** Task to carry out **
Exact copies of the lines below, from the one with "House on Lake" up to and including the one with "Airpods-Pro-First-Look-Gear-Patrol-Ambiance-1", are what this calls for; leave out pictures.

** Data for processing **
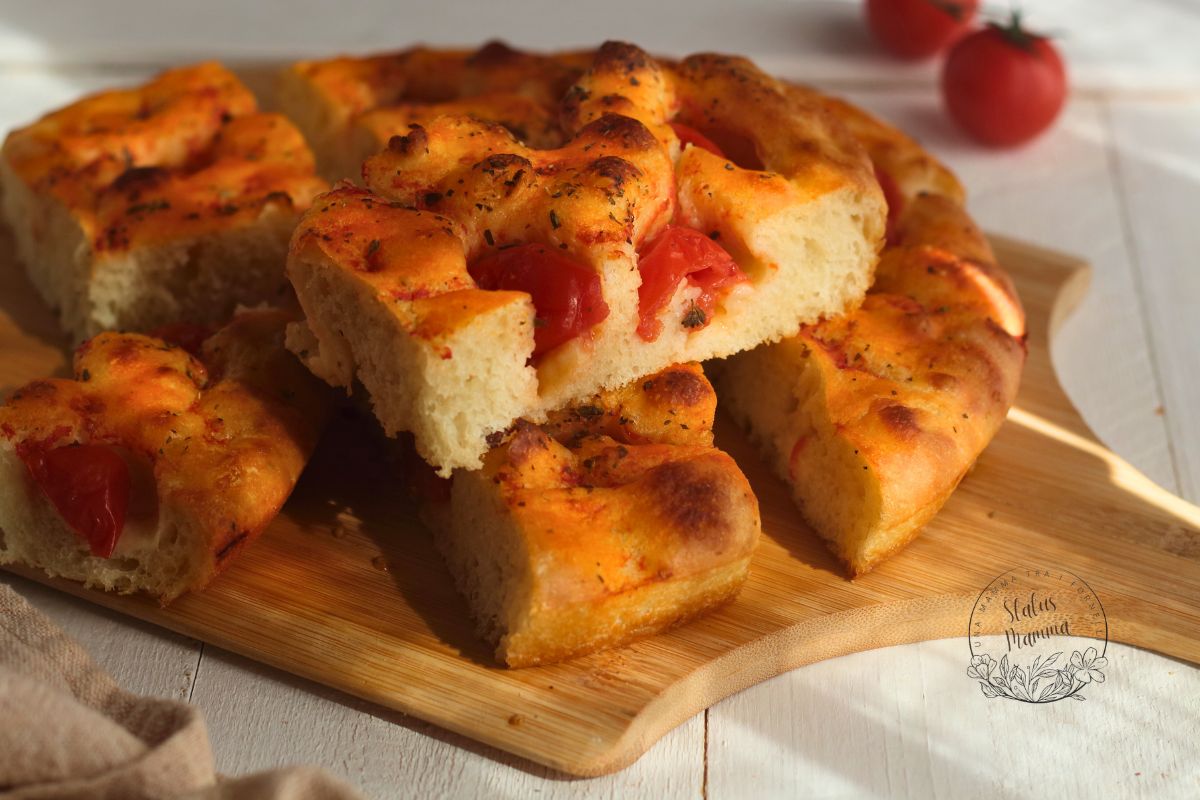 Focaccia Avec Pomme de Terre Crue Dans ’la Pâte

---

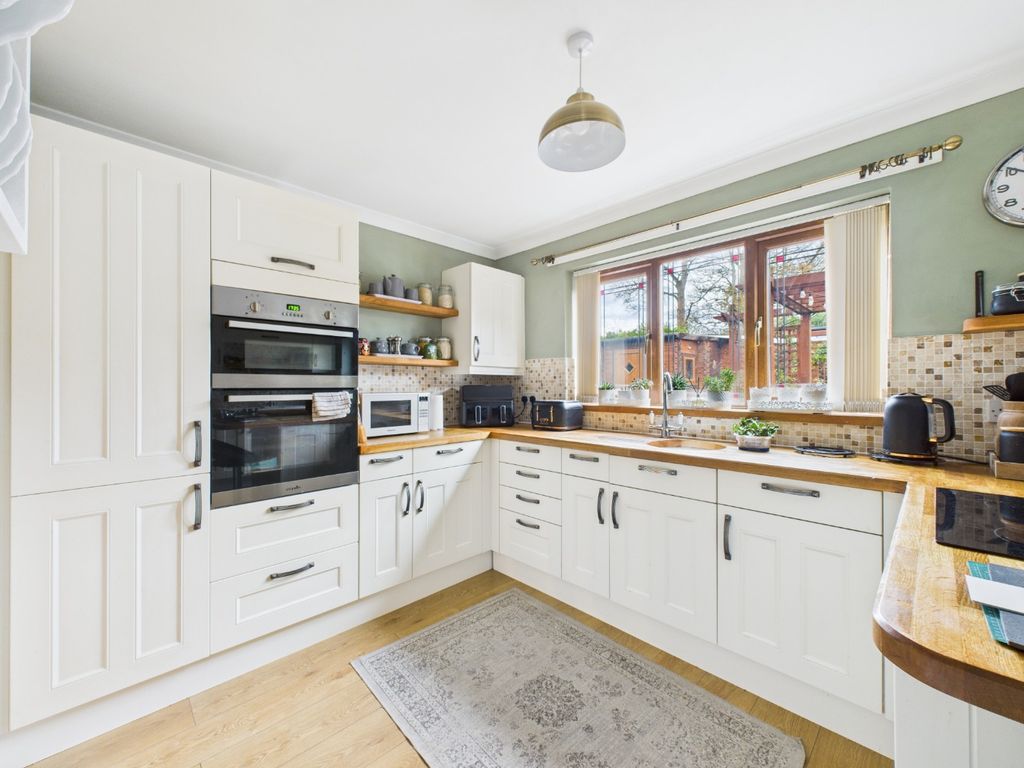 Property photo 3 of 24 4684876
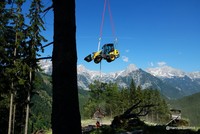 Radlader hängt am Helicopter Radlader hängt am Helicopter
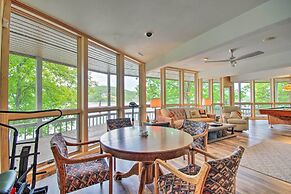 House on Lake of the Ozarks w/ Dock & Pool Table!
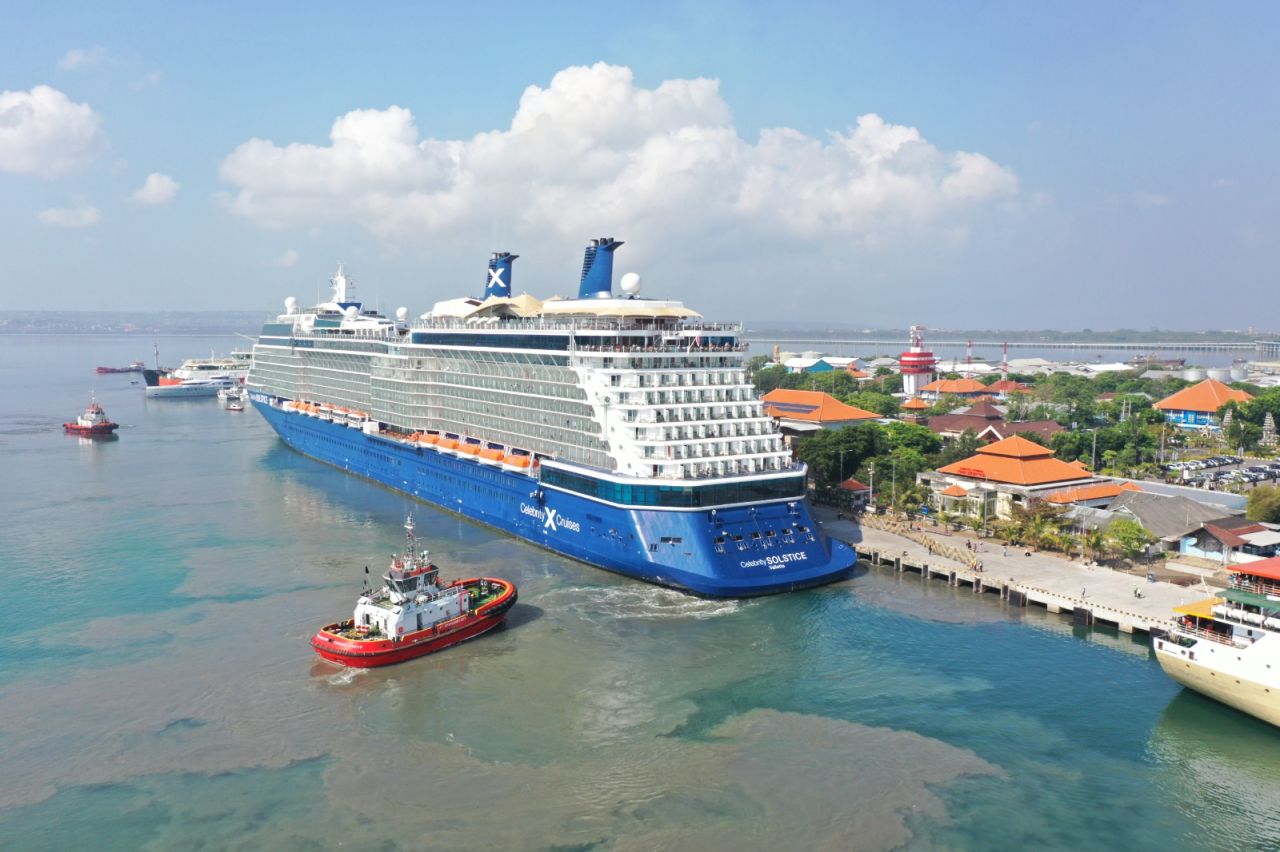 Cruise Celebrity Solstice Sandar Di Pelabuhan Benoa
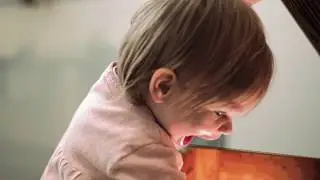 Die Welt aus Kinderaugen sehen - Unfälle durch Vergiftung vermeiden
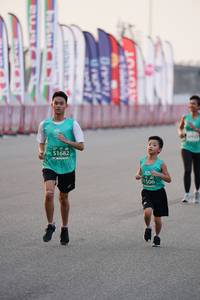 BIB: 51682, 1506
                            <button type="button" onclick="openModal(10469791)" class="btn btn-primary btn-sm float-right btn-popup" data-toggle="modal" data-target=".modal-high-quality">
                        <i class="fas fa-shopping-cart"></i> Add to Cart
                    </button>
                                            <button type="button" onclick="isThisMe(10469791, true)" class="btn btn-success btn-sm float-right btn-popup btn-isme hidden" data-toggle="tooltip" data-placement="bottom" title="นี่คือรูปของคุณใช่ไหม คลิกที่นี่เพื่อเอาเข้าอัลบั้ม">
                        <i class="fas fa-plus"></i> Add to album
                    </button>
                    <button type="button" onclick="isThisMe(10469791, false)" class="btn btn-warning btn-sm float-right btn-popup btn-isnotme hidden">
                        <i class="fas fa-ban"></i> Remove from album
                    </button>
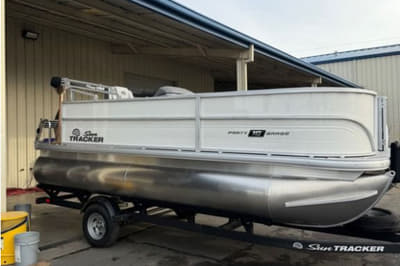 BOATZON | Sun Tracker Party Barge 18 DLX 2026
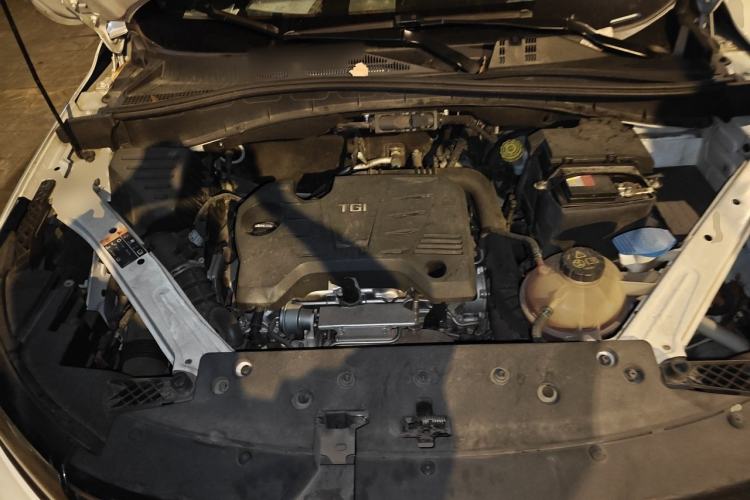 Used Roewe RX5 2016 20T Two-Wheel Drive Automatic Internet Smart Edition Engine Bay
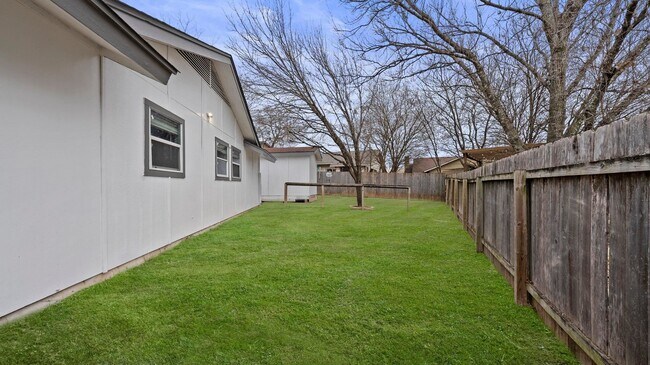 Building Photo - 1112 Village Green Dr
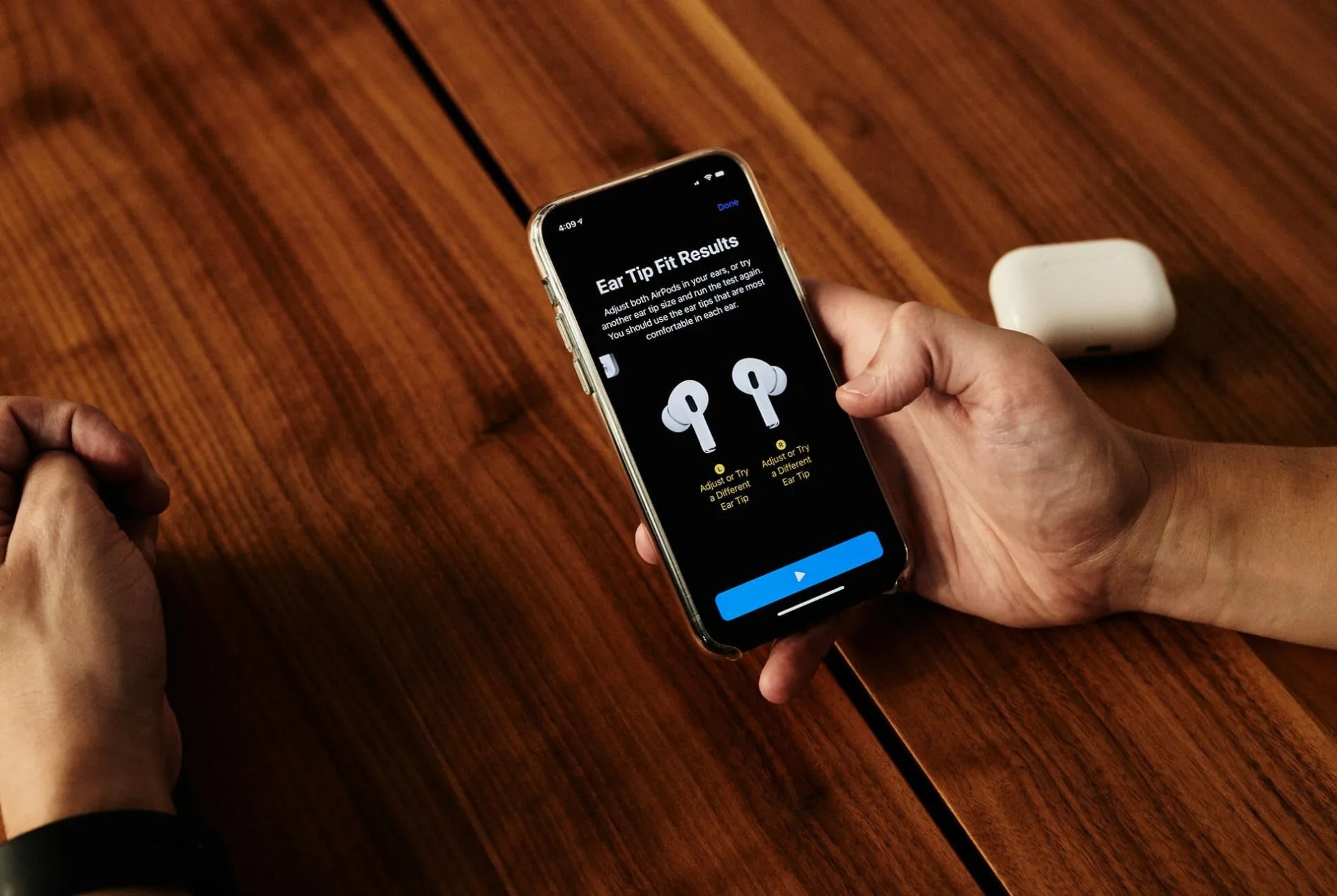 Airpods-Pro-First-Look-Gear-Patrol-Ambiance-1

** Exercise answer **
 House on Lake of the Ozarks w/ Dock & Pool Table!
 Cruise Celebrity Solstice Sandar Di Pelabuhan Benoa
 Die Welt aus Kinderaugen sehen - Unfälle durch Vergiftung vermeiden
 BIB: 51682, 1506
                            <button type="button" onclick="openModal(10469791)" class="btn btn-primary btn-sm float-right btn-popup" data-toggle="modal" data-target=".modal-high-quality">
                        <i class="fas fa-shopping-cart"></i> Add to Cart
                    </button>
                                            <button type="button" onclick="isThisMe(10469791, true)" class="btn btn-success btn-sm float-right btn-popup btn-isme hidden" data-toggle="tooltip" data-placement="bottom" title="นี่คือรูปของคุณใช่ไหม คลิกที่นี่เพื่อเอาเข้าอัลบั้ม">
                        <i class="fas fa-plus"></i> Add to album
                    </button>
                    <button type="button" onclick="isThisMe(10469791, false)" class="btn btn-warning btn-sm float-right btn-popup btn-isnotme hidden">
                        <i class="fas fa-ban"></i> Remove from album
                    </button>
 BOATZON | Sun Tracker Party Barge 18 DLX 2026
 Used Roewe RX5 2016 20T Two-Wheel Drive Automatic Internet Smart Edition Engine Bay
 Building Photo - 1112 Village Green Dr
 Airpods-Pro-First-Look-Gear-Patrol-Ambiance-1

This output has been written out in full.